100k Requests with Java Virtual Threads

100k Requests with Java Virtual Threads

The Concurrency Conundrum: Why 100k Requests Break Traditional Java

For decades, Java has relied on the operating system's (OS) native threads, often called platform threads, to handle concurrent operations. When your web server receives a request, it typically dedicates one platform thread to process that request. This "thread-per-request" model is straightforward to program; you write blocking code as if it were synchronous, and the OS handles the context switching.

The Hidden Cost of Platform Threads

While simple, this model has a significant drawback: platform threads are expensive. Each platform thread consumes a substantial amount of OS memory (often 1–2MB for its stack alone), and switching between them involves a context switch at the OS level, which is a CPU-intensive operation.

Imagine trying to handle 100,000 concurrent requests with this model. You'd need 100,000 platform threads. This would quickly lead to:

  • Memory Exhaustion: Your application would demand hundreds of gigabytes of RAM just for thread stacks, which is simply unfeasible for most servers.
  • CPU Overload: The OS would spend an inordinate amount of time context switching between threads, leaving little CPU power for actual business logic.
  • Degraded Performance: Even if your system didn't crash, throughput would plummet as overhead dominates.

To mitigate this, developers often resort to complex asynchronous programming models (like reactive programming with Project Reactor or RxJava) or event-driven architectures. While powerful, these approaches introduce significant complexity, making code harder to read, debug, and maintain. You swap the simplicity of blocking code for the challenges of non-blocking callbacks and reactive streams.

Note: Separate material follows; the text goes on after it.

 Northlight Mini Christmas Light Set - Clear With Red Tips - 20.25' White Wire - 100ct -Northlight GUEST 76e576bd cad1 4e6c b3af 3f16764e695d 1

Enter Java Virtual Threads

This is where Java Virtual Threads, introduced as a preview feature in Java 19 (Project Loom) and made permanent in Java 21, revolutionize concurrency. They offer a new paradigm that combines the programming simplicity of the "thread-per-request" model with the scalability of asynchronous designs. Essentially, they allow you to write simple, blocking code that can still handle an enormous number of concurrent operations without the overhead of traditional platform threads.

Demystifying Java Virtual Threads: A Game Changer

At their core, Java Virtual Threads are lightweight, user-mode threads managed entirely by the Java Virtual Machine (JVM), not the operating system. Think of them as "fibers" or "green threads" — they are cheap to create, cheap to block, and cheap to discard.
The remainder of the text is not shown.